Business Advice Your Business Activity Statement
Are you lodging BAS returns on time? Most businesses need to lodge their business activity statement, (BAS) each quarter (i.e. 1st July to 30th September). Your BAS returns due date depends on whether or not you do it yourself or use a tax agent. However we find that completing the BAS shortly after the quarter has ended makes it easier to complete whilst details are still fresh in your mind.
We feel it must be mentioned that should you fail to submit your BAS return on time the Australian Taxation Office will impose late lodgement fees up to $900 over and above what you may already owe, therefore it pays to lodge on time. It should also be noted that tax agents are often able to get a further extension of time if required and can negotiate on your behalf if necessary.
Do you require varying any PAYG instalments?
PAYG is calculated on your business and/or investments income tax based on the last year’s tax return. Should there be significant changes to your income or tax situation that would see you paying much more or less than anticipated, then you may need to submit a variation.
Some examples of why this would be necessary are if you have bought or sold an investment property, received more or less rent from an investment property, stopped receiving an income from business activities or reduced or expanded the business share portfolio.
We provide business advice and guide businesses through all manner of tax decisions.
Have you done a strategic plan of the business?
As any successful business owner will tell you, not only should you be up to date with BAS and PAYG but businesses need to have plans for what they want and the direction they are going to take to get it. A strategic plan provides you with a clear indication of where your money is best spent and the items best spent money on. It allows staff to know which direction they are taking and the role necessary to facilitate this.
If your business has a target to reach and aims for it, your earning capacity, on average, is three times greater than those who don’t have a plan.
Include such things as values, vision, long and short term goals, main areas of focus for the year ahead and an annual theme.
Small to Medium Business and Board Meetings
Another means to keep track of progress in your business is through keeping minutes of board meetings. The board meeting minutes are an important form of record keeping for any organisation, providing key information such as board actions on selected goals, elections of officers and directors and certain reports from committees and staff.
Additionally, meetings can be of major significance to verifying actions and positions should there be a court hearing. There should be enough information within the minutes if they are to be used as a reference or offered as evidence, although every detail of statements said in a meeting are not necessary to be recorded.
It should however include date and time of meeting, notification that it is a special or regular meeting, name of directors in or not in attendance, guests who are in attendance, including title or associations, whether a quorum was established, departure or re-entries of attendees and any board actions taken.

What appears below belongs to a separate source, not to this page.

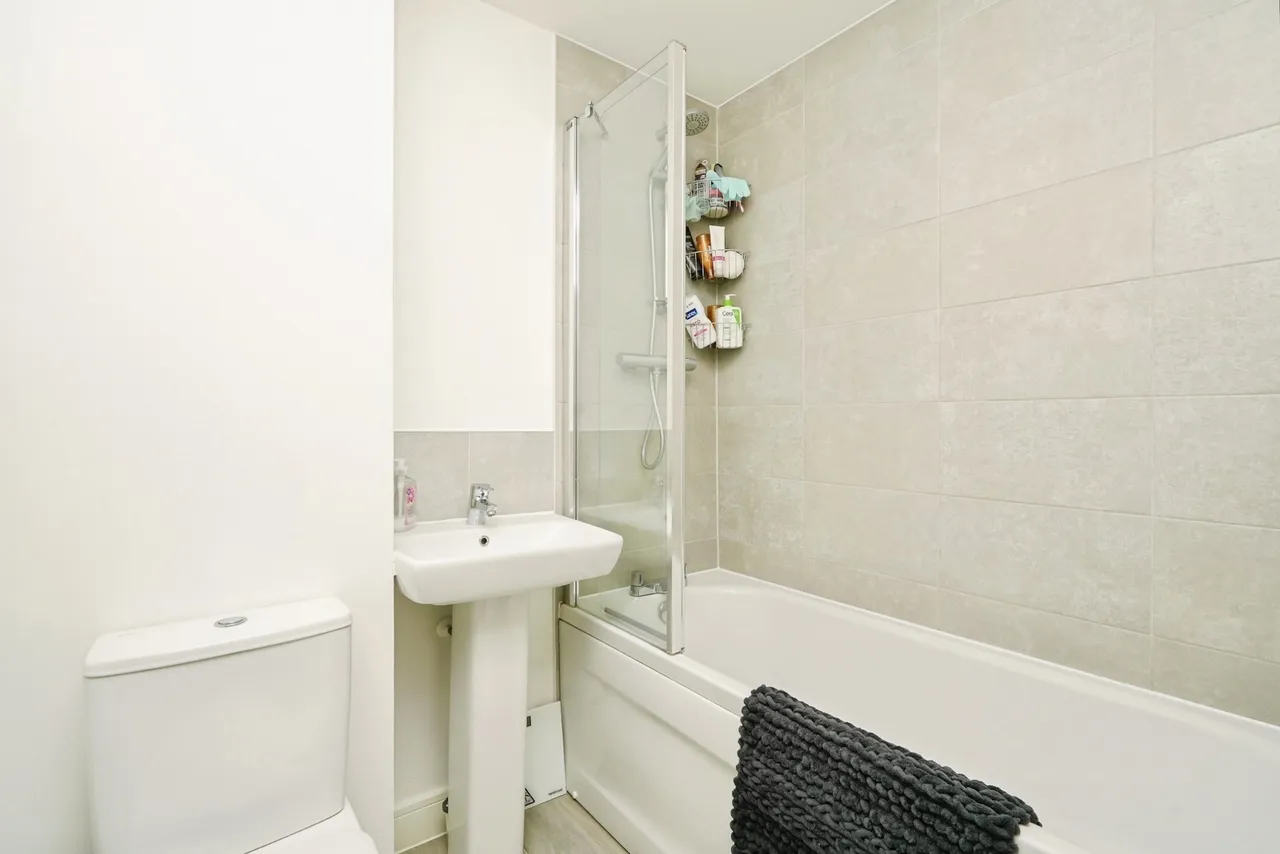 Poulter Road, BANBURY, Oxfordshire, OX16, photo 13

Lastly, minutes should be kept indefinitely as they present a full history of the organisation, including historical decisions.

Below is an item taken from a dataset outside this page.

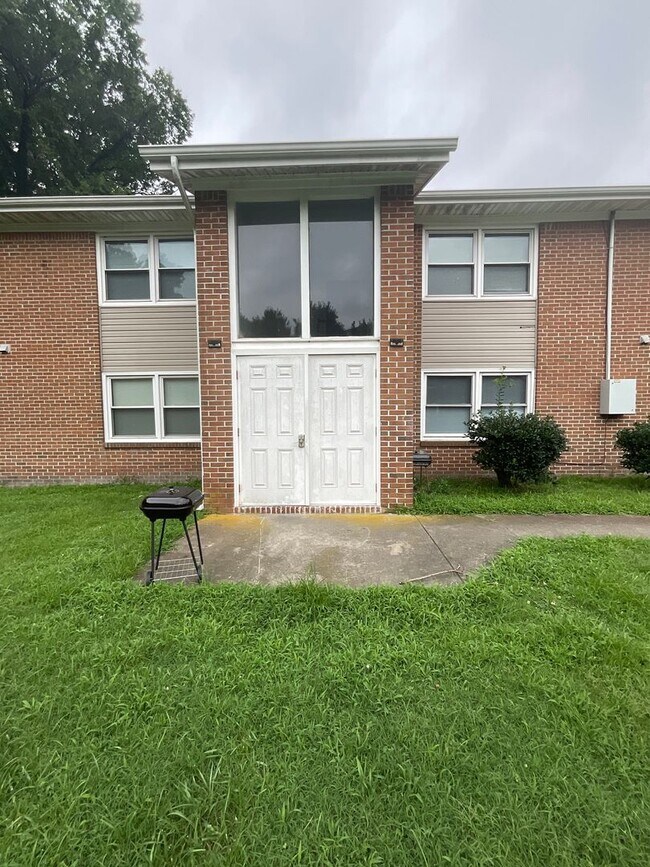 Photo - Quiet Two Bedroom Apartment off Rodman Ave Unit Apt B
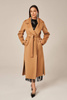 Ilgas kamelinis moteriškas paltas iš natūralios Zibellino vilnos – kokybė ir elegancija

Have you considered preparing a yearly forecast?
Yearly forecasting allows you to calculate what your business is going to spend next year and what it will bring in financially? Do you know how your sales are going to ebb and flow?
Plan for the worst case scenario and project for the best, have a plan that caters separately for both so you’re never caught short. Sometimes your yearly forecast go’s stale, consider pushing it back a few months or changing to monthly until you regain confidence within your business to move back to annual forecasting. Keep a strict eye on customer terms throughout the year and plan discounts or sales ahead of time.

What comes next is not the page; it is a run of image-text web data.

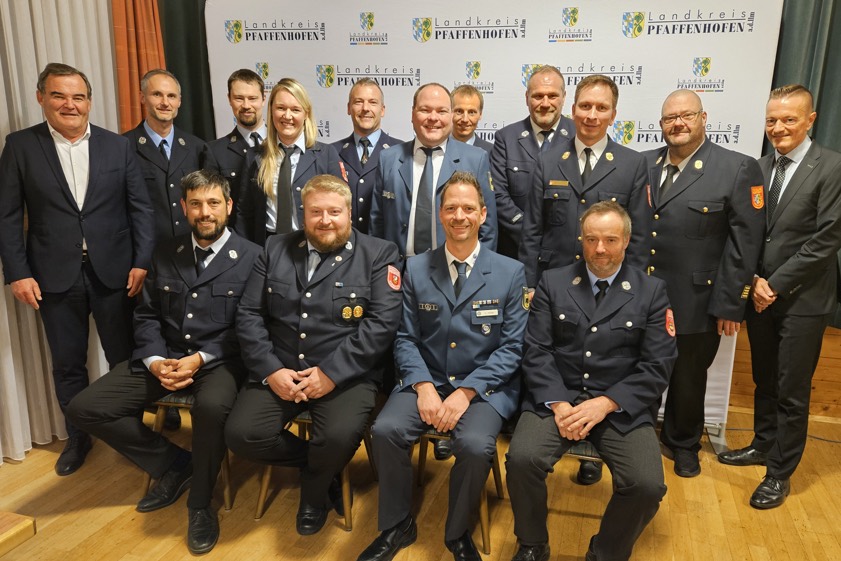 Für 25 Jahre im aktiven Dienst geehrte Feuerwehrler und THWler mit Landrat Albert Gürtner (stehend, links), dem Landtags-Abgeordneten Karl Straub (stehend, rechts), Kreisbrandrat Christian Nitschke (stehend, Zweiter von rechts) und Kreisbrandinspektor Benedikt Stuber (stehend, Dritter von rechts). Fotos: Appel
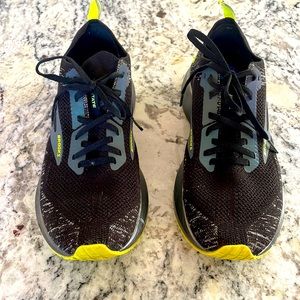 Womens size 9 Brooks Levitate 4. Excellent condition. No insoles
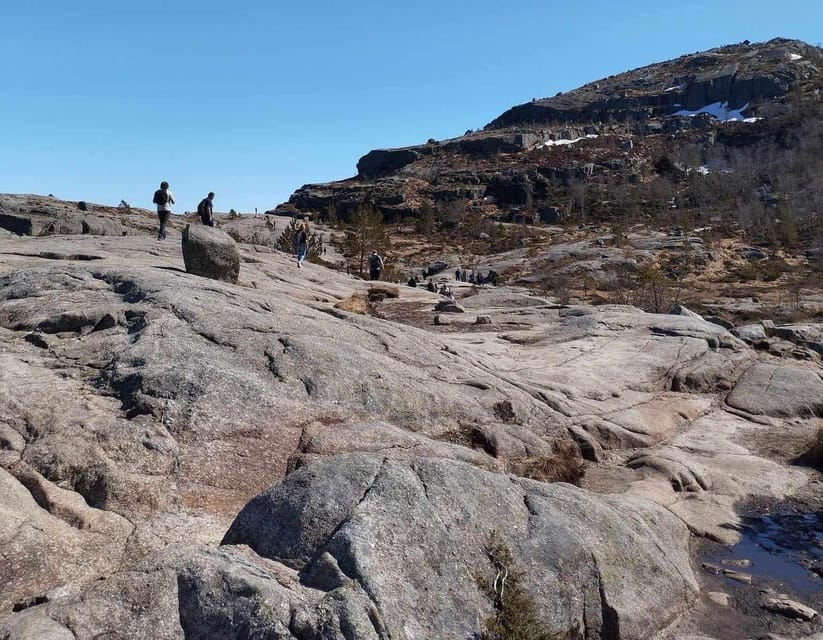 Stavanger: Preikestolen Tour with Guide and Pickup - Lysefjord panorama: the view you came for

The yearly forecast should be formed along-side your strategic plan as well as a risk review of your business.
The role of the risk review is to develop realistic and cost effective strategies. Assess your business taking into consideration critical business activities, key services, staff and things that could affect them. This allows you to prioritise and work out which aspects you could not afford to operate without.
Consider when, where and why the risks would likely happen. Are they internal or external and who might be involved if an accident were to happen? Analyse previous events and their effect on your business, what was the outcome? How likely is it to happen again and how would it impact the day to day running? Assess your processes to minimise risk and always consider the worst case scenario. Once you’ve analysed and identified the risks to your business, brainstorm to find tools and options for managing them.
Lastly, does your business have a shareholder’s agreement in place?
A shareholder’s agreement ideally should be in place when the company is first formed and the first shares have been issued, ensuring a common understanding between shareholders of the expectations of the business. The purpose of this is to protect the shareholders’ investment in the company, establish fair shareholder’s relationships and govern the running of the company.
The agreement should include shareholder’s rights and obligations, regulation of the sale of shares, a description of how the company will run, provide some form of protection for minority shareholders and the company whilst also defining how important decisions within the company will be made containing specific and practical rules pertaining to the relationship between the shareholders and the company.